Source data →
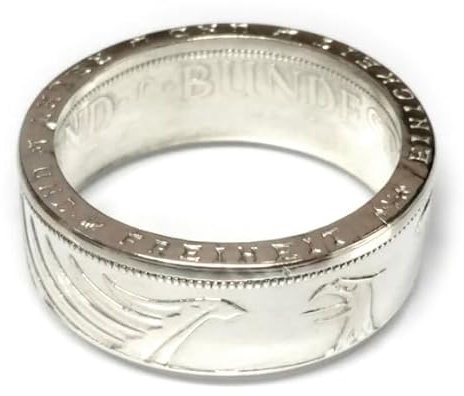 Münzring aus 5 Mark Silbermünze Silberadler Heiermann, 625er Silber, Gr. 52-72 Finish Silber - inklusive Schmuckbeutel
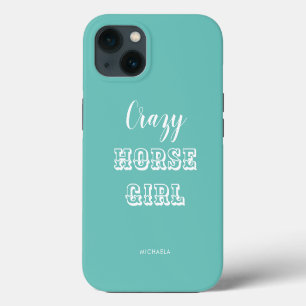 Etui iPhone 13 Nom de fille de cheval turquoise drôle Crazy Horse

---

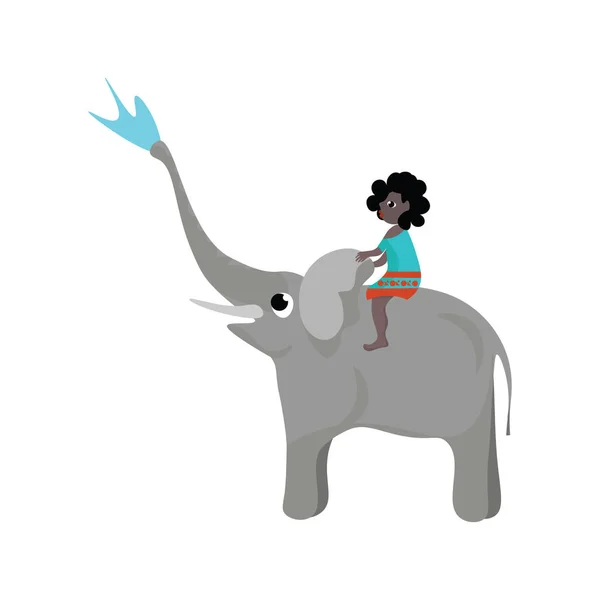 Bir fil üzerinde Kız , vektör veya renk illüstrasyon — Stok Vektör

==

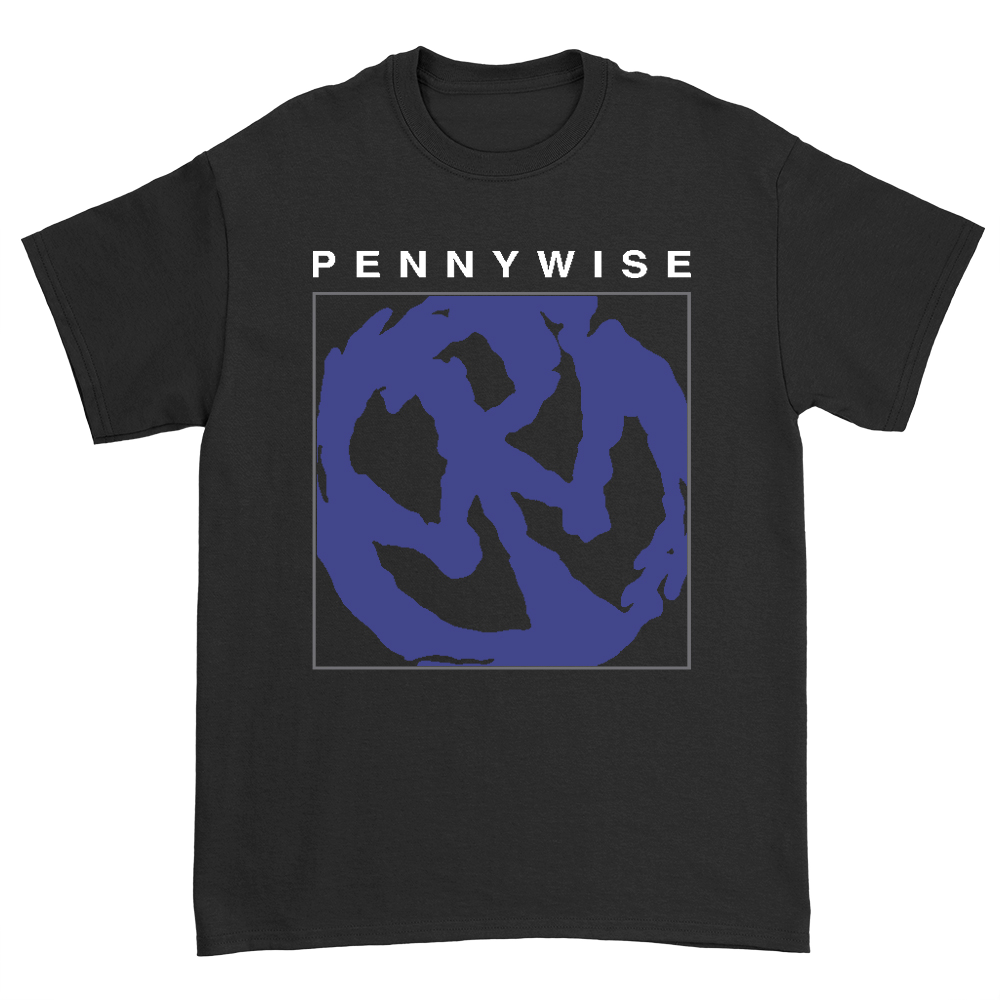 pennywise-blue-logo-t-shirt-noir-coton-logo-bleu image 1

Work required →
Output exactly the stretch of the listing that begins at the line containing "Münzring aus 5" and ends at the line containing "Etui iPhone 13", both kept. Omit pictures and everything else.

Written solution →
 Münzring aus 5 Mark Silbermünze Silberadler Heiermann, 625er Silber, Gr. 52-72 Finish Silber - inklusive Schmuckbeutel
 Etui iPhone 13 Nom de fille de cheval turquoise drôle Crazy Horse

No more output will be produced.